The rule amendments will transform NI 81-102 into a rule that will regulate all publicly offered investment funds - not just public mutual funds - by introducing core operational requirements and investment restrictions for non-redeemable investment funds that mirror certain rules that apply to mutual funds. The amendments to NI 81-102 will also impact mutual funds in potentially significant ways. Amendments will also be made to National Instrument 81-106 Investment Fund Continuous Disclosure, National Instrument 81-101 Mutual Fund Prospectus Disclosure,National Instrument 81-107 Independent Review Committee for Investment Funds and National Instrument 41-101 General Prospectus Requirements, as well as to the companion policies to some of the affected instruments. The amendments to NI 81-106 and the prospectus disclosure rules impose new disclosure requirements in respect of securities lending activities of all public investment funds and generally will be effective for financial years commencing January 1, 2016, with the prospectus disclosure requirements effective on September 22, 2014.

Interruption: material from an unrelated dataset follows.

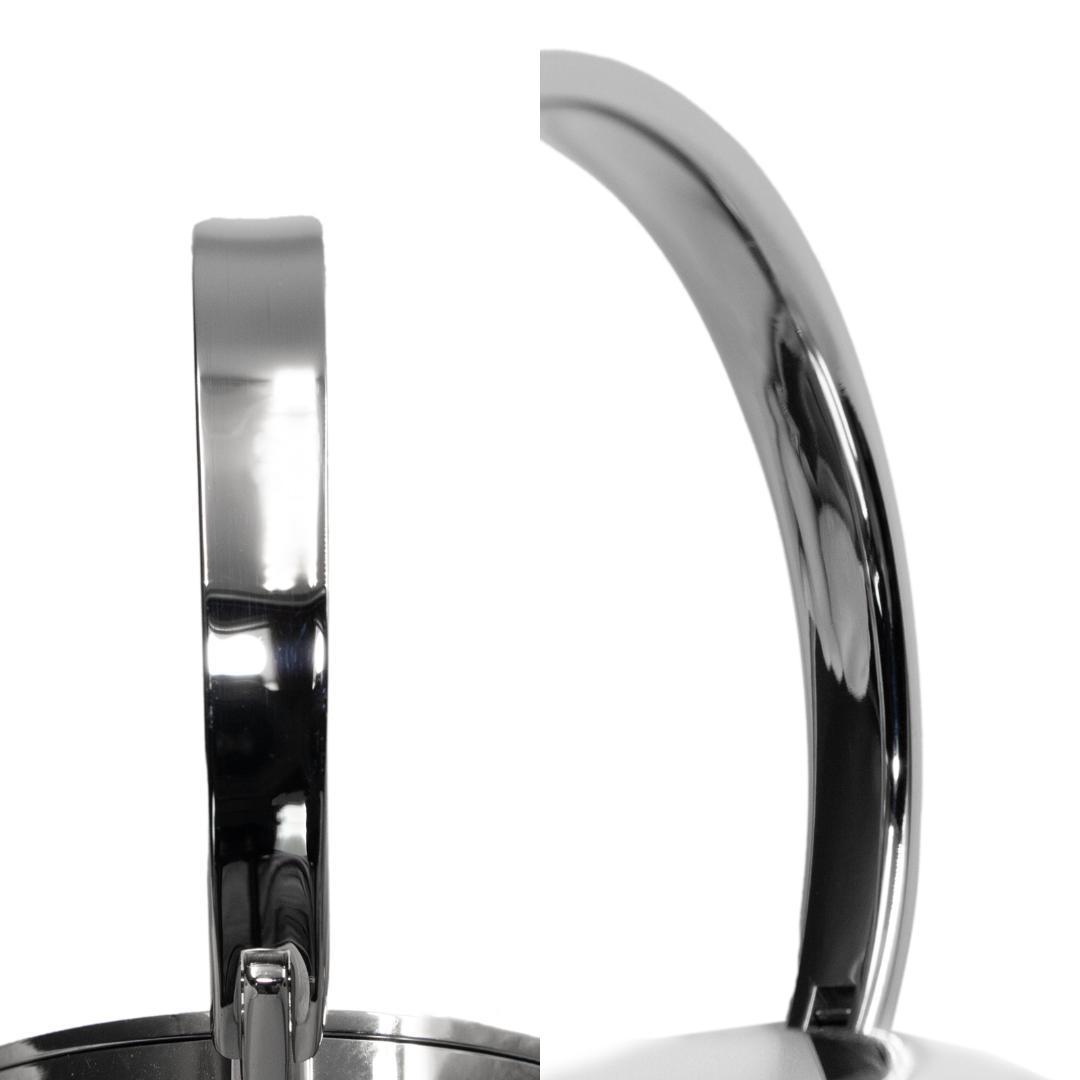 ジョージジェンセン 腕時計 新品同様 レディース トールン ミラー盤 シンプル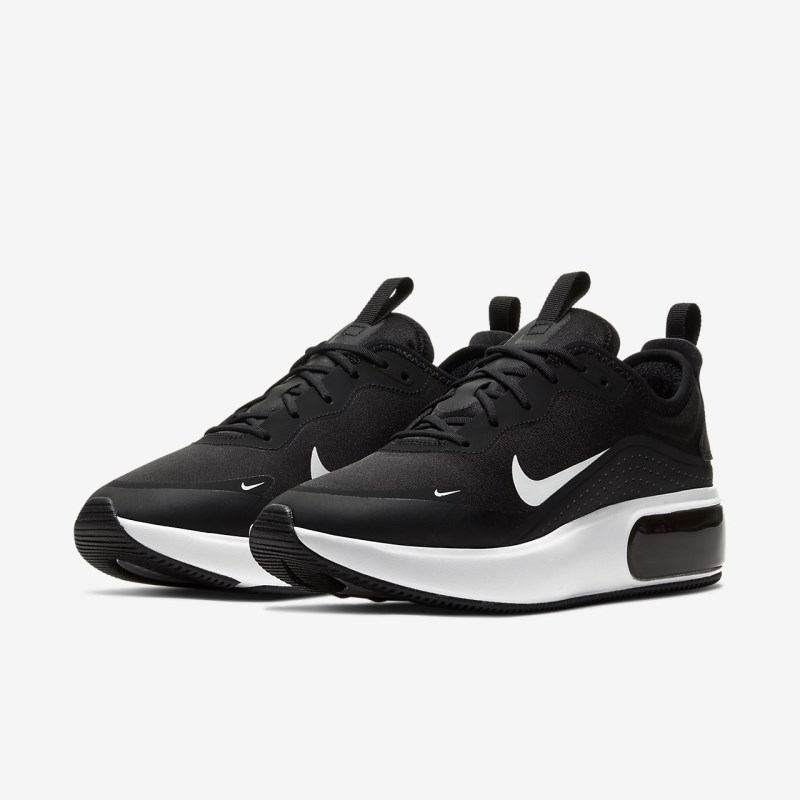 Nike Air Max Dia Sneakers Børn Sort | BG0970-486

Although the CSA pulled back on some of the more controversial 2013 proposals in connection with closed-end funds, the rule amendments still can be expected to have a significant effect on these funds in Canada (defined by the CSA as “non-redeemable investment funds”) and potentially the universe of investment options for Canadians. The rule amendments impose, among other things, new restrictions on investments and investment practices, a prohibition on issuing warrants, as well as requirements for proposed fundamental changes to the funds, custodianship, marketing via sales communications and processing of redemptions.

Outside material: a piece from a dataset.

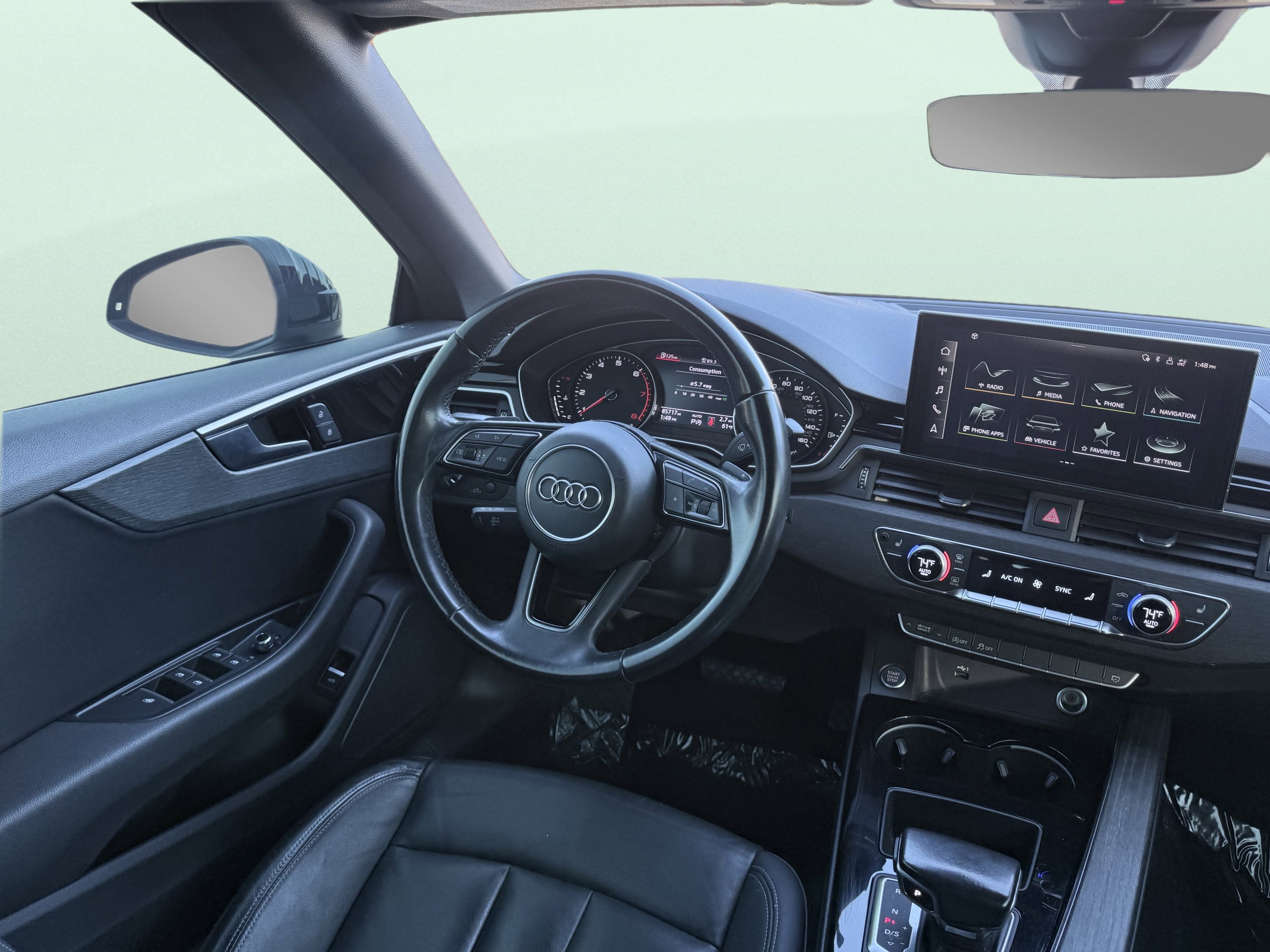 Used 2021 Audi A5 2.0T Premium image 42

And the CSA have indicated that there is more to come at a later date, as the CSA continue to consider an “alternative funds” regime. This regime will likely impact mutual funds relying on National Instrument 81-104 Commodity Pools and can be expected to impose further restrictions on closed-end funds presently using derivative strategies, including to gain exposure to commodities, and engaging in short selling strategies.
Revised NI 81-102 - At A Glance
Any transition provided for generally will only apply to investment funds that are existing and have filed a prospectus on or before September 22, 2014. The CSA use the term “non-redeemable investment fund” - we use the term “closed-end fund” in this Bulletin. Unless otherwise indicated, the provisions for closed-end funds will apply in substantially the same way as for mutual funds.
The New Regime For Investment Funds
The amendments to NI 81-102 and related instruments introduce a number of investment restrictions and operating requirements for publicly-offered closed-end funds. There are also many amendments - some minor, with some that are more substantive ¿ for mutual funds, which in this context includes exchange-traded funds structured as mutual funds (ETFs).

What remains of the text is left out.